Your objective.
Transcribe only the lines between the first line of the records and the line containing "昭和レトロ　木箱　楠灰カイロの画像", inclusive, exactly as written.

Extracted data entries:
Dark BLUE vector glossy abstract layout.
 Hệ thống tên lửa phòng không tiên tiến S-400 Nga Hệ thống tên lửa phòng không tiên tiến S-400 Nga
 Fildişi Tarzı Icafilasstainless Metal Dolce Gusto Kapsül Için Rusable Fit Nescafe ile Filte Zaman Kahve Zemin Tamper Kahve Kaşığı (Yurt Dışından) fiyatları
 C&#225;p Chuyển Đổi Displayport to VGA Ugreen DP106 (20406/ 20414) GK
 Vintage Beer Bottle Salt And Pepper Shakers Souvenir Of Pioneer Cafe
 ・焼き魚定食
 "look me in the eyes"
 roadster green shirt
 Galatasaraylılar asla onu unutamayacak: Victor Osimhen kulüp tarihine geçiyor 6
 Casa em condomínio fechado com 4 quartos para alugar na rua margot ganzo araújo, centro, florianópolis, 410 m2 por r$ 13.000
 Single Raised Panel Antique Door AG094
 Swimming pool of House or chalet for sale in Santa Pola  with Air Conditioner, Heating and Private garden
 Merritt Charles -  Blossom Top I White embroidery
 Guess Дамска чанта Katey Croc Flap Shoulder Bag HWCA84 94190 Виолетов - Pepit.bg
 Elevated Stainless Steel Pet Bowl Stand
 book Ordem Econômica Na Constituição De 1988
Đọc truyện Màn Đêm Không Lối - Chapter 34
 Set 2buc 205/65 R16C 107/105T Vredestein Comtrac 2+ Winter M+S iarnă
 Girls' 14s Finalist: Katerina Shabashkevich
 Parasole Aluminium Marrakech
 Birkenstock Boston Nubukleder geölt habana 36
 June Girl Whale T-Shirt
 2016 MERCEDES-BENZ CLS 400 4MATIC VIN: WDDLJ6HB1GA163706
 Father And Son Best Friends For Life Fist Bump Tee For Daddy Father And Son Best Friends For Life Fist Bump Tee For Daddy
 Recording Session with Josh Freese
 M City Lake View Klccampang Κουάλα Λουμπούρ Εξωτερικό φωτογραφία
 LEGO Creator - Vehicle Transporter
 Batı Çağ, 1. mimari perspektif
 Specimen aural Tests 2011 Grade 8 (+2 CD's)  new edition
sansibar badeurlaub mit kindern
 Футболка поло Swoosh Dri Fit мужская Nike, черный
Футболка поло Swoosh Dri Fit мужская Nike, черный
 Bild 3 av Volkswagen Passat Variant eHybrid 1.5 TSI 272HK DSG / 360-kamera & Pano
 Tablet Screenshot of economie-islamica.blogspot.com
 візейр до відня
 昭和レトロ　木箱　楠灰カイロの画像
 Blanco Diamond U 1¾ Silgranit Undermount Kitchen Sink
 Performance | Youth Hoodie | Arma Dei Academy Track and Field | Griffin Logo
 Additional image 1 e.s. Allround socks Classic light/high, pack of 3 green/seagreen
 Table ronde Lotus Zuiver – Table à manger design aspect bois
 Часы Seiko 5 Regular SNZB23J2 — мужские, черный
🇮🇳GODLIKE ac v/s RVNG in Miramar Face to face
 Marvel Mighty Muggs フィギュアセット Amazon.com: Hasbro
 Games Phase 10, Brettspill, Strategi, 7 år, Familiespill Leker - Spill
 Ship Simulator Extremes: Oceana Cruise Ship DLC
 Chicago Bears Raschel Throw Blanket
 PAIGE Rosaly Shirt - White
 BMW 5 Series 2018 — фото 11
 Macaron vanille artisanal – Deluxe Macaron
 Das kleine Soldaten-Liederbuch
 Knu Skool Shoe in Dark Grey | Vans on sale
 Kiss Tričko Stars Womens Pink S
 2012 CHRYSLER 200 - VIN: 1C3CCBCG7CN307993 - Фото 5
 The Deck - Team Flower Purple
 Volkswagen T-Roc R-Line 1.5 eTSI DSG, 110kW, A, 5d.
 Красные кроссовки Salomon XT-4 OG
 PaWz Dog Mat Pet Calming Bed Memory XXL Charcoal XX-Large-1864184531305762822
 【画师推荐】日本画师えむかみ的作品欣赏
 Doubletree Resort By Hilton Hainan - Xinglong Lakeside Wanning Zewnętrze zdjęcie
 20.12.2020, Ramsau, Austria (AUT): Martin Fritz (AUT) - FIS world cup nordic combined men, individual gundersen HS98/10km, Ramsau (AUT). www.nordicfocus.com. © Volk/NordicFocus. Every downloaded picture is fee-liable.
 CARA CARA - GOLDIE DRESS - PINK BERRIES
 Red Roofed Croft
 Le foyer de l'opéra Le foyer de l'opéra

Response to the exercise.
Dark BLUE vector glossy abstract layout.
 Hệ thống tên lửa phòng không tiên tiến S-400 Nga Hệ thống tên lửa phòng không tiên tiến S-400 Nga
 Fildişi Tarzı Icafilasstainless Metal Dolce Gusto Kapsül Için Rusable Fit Nescafe ile Filte Zaman Kahve Zemin Tamper Kahve Kaşığı (Yurt Dışından) fiyatları
 C&#225;p Chuyển Đổi Displayport to VGA Ugreen DP106 (20406/ 20414) GK
 Vintage Beer Bottle Salt And Pepper Shakers Souvenir Of Pioneer Cafe
 ・焼き魚定食
 "look me in the eyes"
 roadster green shirt
 Galatasaraylılar asla onu unutamayacak: Victor Osimhen kulüp tarihine geçiyor 6
 Casa em condomínio fechado com 4 quartos para alugar na rua margot ganzo araújo, centro, florianópolis, 410 m2 por r$ 13.000
 Single Raised Panel Antique Door AG094
 Swimming pool of House or chalet for sale in Santa Pola  with Air Conditioner, Heating and Private garden
 Merritt Charles -  Blossom Top I White embroidery
 Guess Дамска чанта Katey Croc Flap Shoulder Bag HWCA84 94190 Виолетов - Pepit.bg
 Elevated Stainless Steel Pet Bowl Stand
 book Ordem Econômica Na Constituição De 1988
Đọc truyện Màn Đêm Không Lối - Chapter 34
 Set 2buc 205/65 R16C 107/105T Vredestein Comtrac 2+ Winter M+S iarnă
 Girls' 14s Finalist: Katerina Shabashkevich
 Parasole Aluminium Marrakech
 Birkenstock Boston Nubukleder geölt habana 36
 June Girl Whale T-Shirt
 2016 MERCEDES-BENZ CLS 400 4MATIC VIN: WDDLJ6HB1GA163706
 Father And Son Best Friends For Life Fist Bump Tee For Daddy Father And Son Best Friends For Life Fist Bump Tee For Daddy
 Recording Session with Josh Freese
 M City Lake View Klccampang Κουάλα Λουμπούρ Εξωτερικό φωτογραφία
 LEGO Creator - Vehicle Transporter
 Batı Çağ, 1. mimari perspektif
 Specimen aural Tests 2011 Grade 8 (+2 CD's)  new edition
sansibar badeurlaub mit kindern
 Футболка поло Swoosh Dri Fit мужская Nike, черный
Футболка поло Swoosh Dri Fit мужская Nike, черный
 Bild 3 av Volkswagen Passat Variant eHybrid 1.5 TSI 272HK DSG / 360-kamera & Pano
 Tablet Screenshot of economie-islamica.blogspot.com
 візейр до відня
 昭和レトロ　木箱　楠灰カイロの画像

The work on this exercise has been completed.